Exercise
Restate the data below, keeping every line the same.

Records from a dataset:

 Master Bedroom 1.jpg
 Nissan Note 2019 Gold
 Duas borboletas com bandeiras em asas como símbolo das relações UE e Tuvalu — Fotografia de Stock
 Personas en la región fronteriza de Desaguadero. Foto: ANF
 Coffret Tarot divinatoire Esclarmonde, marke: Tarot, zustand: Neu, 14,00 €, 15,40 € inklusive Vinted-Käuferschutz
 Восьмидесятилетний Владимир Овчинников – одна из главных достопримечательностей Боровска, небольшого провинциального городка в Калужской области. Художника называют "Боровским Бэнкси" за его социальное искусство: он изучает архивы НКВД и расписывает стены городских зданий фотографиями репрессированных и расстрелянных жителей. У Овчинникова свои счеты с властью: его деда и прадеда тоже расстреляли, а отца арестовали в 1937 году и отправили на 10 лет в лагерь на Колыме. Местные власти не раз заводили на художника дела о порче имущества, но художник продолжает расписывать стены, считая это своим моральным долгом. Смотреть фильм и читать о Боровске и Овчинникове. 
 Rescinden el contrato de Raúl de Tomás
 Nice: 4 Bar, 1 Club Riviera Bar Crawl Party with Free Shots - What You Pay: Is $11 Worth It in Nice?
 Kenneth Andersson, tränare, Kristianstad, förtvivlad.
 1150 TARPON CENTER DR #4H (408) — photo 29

Solution
 Master Bedroom 1.jpg
 Nissan Note 2019 Gold
 Duas borboletas com bandeiras em asas como símbolo das relações UE e Tuvalu — Fotografia de Stock
 Personas en la región fronteriza de Desaguadero. Foto: ANF
 Coffret Tarot divinatoire Esclarmonde, marke: Tarot, zustand: Neu, 14,00 €, 15,40 € inklusive Vinted-Käuferschutz
 Восьмидесятилетний Владимир Овчинников – одна из главных достопримечательностей Боровска, небольшого провинциального городка в Калужской области. Художника называют "Боровским Бэнкси" за его социальное искусство: он изучает архивы НКВД и расписывает стены городских зданий фотографиями репрессированных и расстрелянных жителей. У Овчинникова свои счеты с властью: его деда и прадеда тоже расстреляли, а отца арестовали в 1937 году и отправили на 10 лет в лагерь на Колыме. Местные власти не раз заводили на художника дела о порче имущества, но художник продолжает расписывать стены, считая это своим моральным долгом. Смотреть фильм и читать о Боровске и Овчинникове. 
 Rescinden el contrato de Raúl de Tomás
 Nice: 4 Bar, 1 Club Riviera Bar Crawl Party with Free Shots - What You Pay: Is $11 Worth It in Nice?
 Kenneth Andersson, tränare, Kristianstad, förtvivlad.
 1150 TARPON CENTER DR #4H (408) — photo 29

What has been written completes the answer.